EXERCISE REQUIREMENTS: An exact repetition of the data is required; no picture should appear in it.

SUPPLIED INFORMATION:
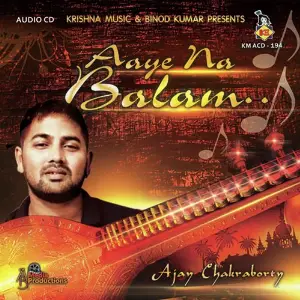 Aaye Na Balam image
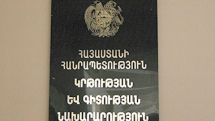 ԿԳՆ-ն հաստատման է ներկայացրել ասպիրանտուրայի ու դոկտորանտուրայի ընդունելության տեղերի թիվը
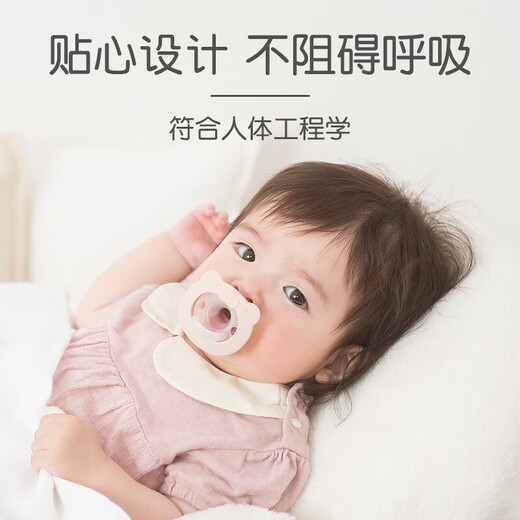 Richell baby teether, baby teething silicone gum massager, baby chewing gum toy, kitten 0-3 months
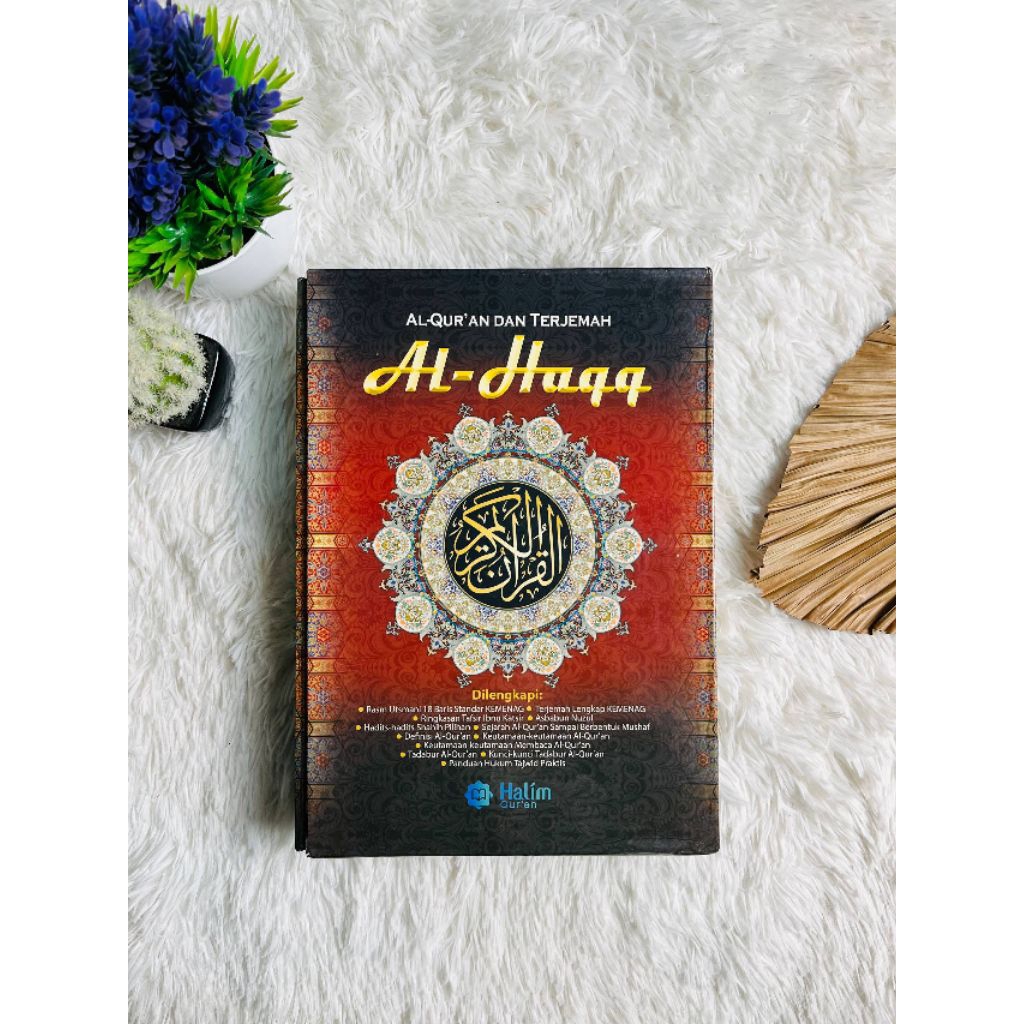 QUR'AN AL-HAQQ TADABBUR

EXPECTED ANSWER:
 Aaye Na Balam image
 ԿԳՆ-ն հաստատման է ներկայացրել ասպիրանտուրայի ու դոկտորանտուրայի ընդունելության տեղերի թիվը
 Richell baby teether, baby teething silicone gum massager, baby chewing gum toy, kitten 0-3 months
 QUR'AN AL-HAQQ TADABBUR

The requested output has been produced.